What needs to be done: Each line from the one holding "Frigorífico, microondas, horno" to the last line of the listing must be set down exactly. No pictures are to be included.

Dataset extract:
========================================
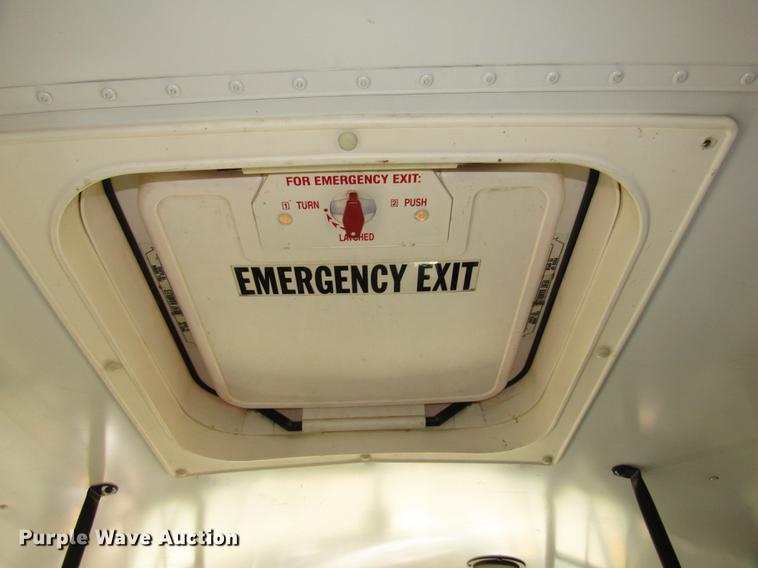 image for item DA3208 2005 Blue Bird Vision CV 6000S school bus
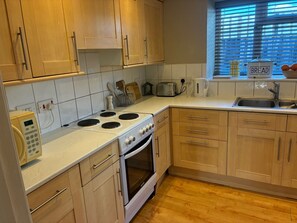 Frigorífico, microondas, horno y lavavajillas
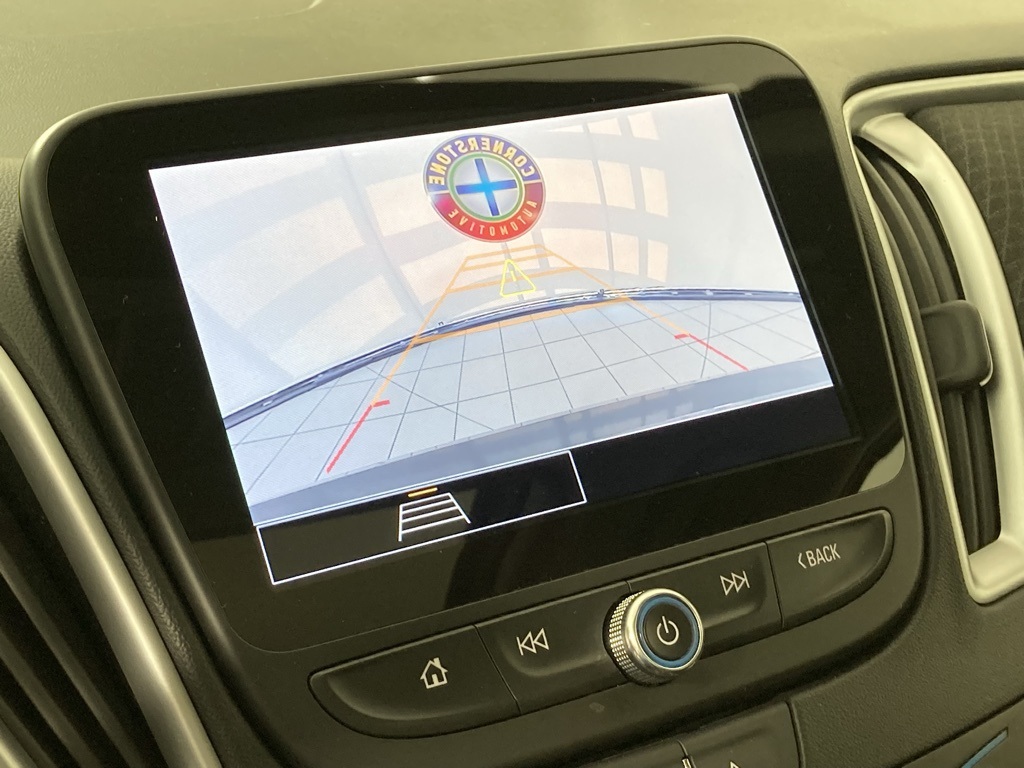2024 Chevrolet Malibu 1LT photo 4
========================================
Written response:
 Frigorífico, microondas, horno y lavavajillas
2024 Chevrolet Malibu 1LT photo 4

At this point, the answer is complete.